* **WHAT YOU ARE ASKED TO DO**
Leaving out the images, reproduce every line of the data that follows exactly.

* **DATA BLOCK**
****************

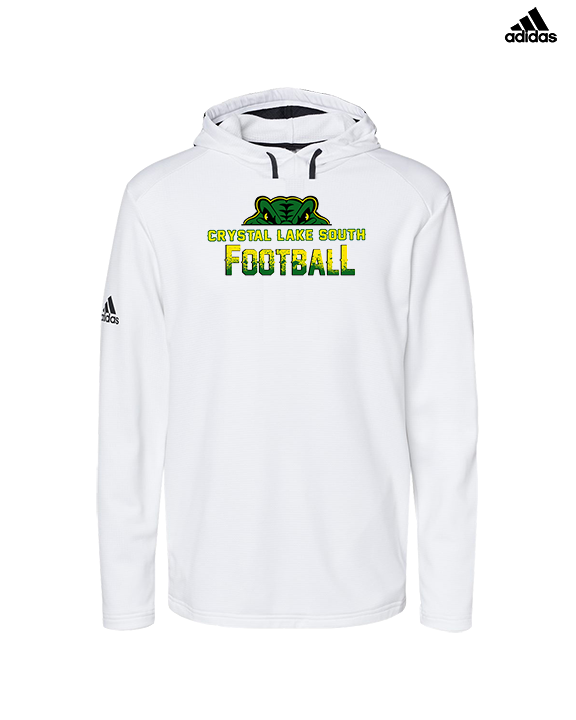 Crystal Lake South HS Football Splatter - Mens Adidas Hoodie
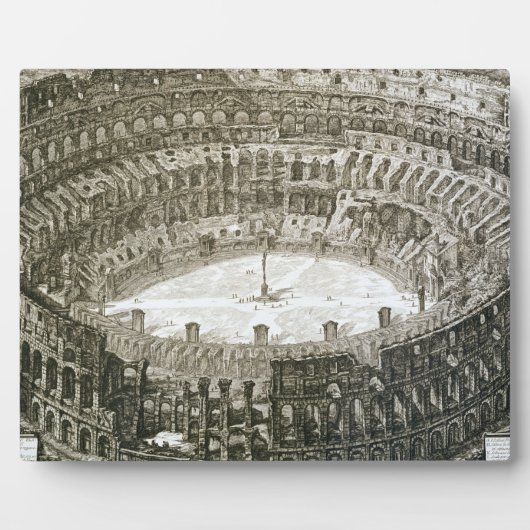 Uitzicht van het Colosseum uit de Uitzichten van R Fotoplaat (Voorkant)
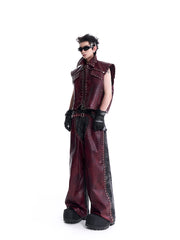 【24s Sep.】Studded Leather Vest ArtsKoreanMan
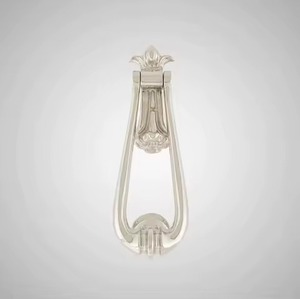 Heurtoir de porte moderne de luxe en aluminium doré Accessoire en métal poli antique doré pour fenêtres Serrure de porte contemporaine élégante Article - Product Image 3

****************

* **REPLY**
 Crystal Lake South HS Football Splatter - Mens Adidas Hoodie
 Uitzicht van het Colosseum uit de Uitzichten van R Fotoplaat (Voorkant)
 【24s Sep.】Studded Leather Vest ArtsKoreanMan
 Heurtoir de porte moderne de luxe en aluminium doré Accessoire en métal poli antique doré pour fenêtres Serrure de porte contemporaine élégante Article - Product Image 3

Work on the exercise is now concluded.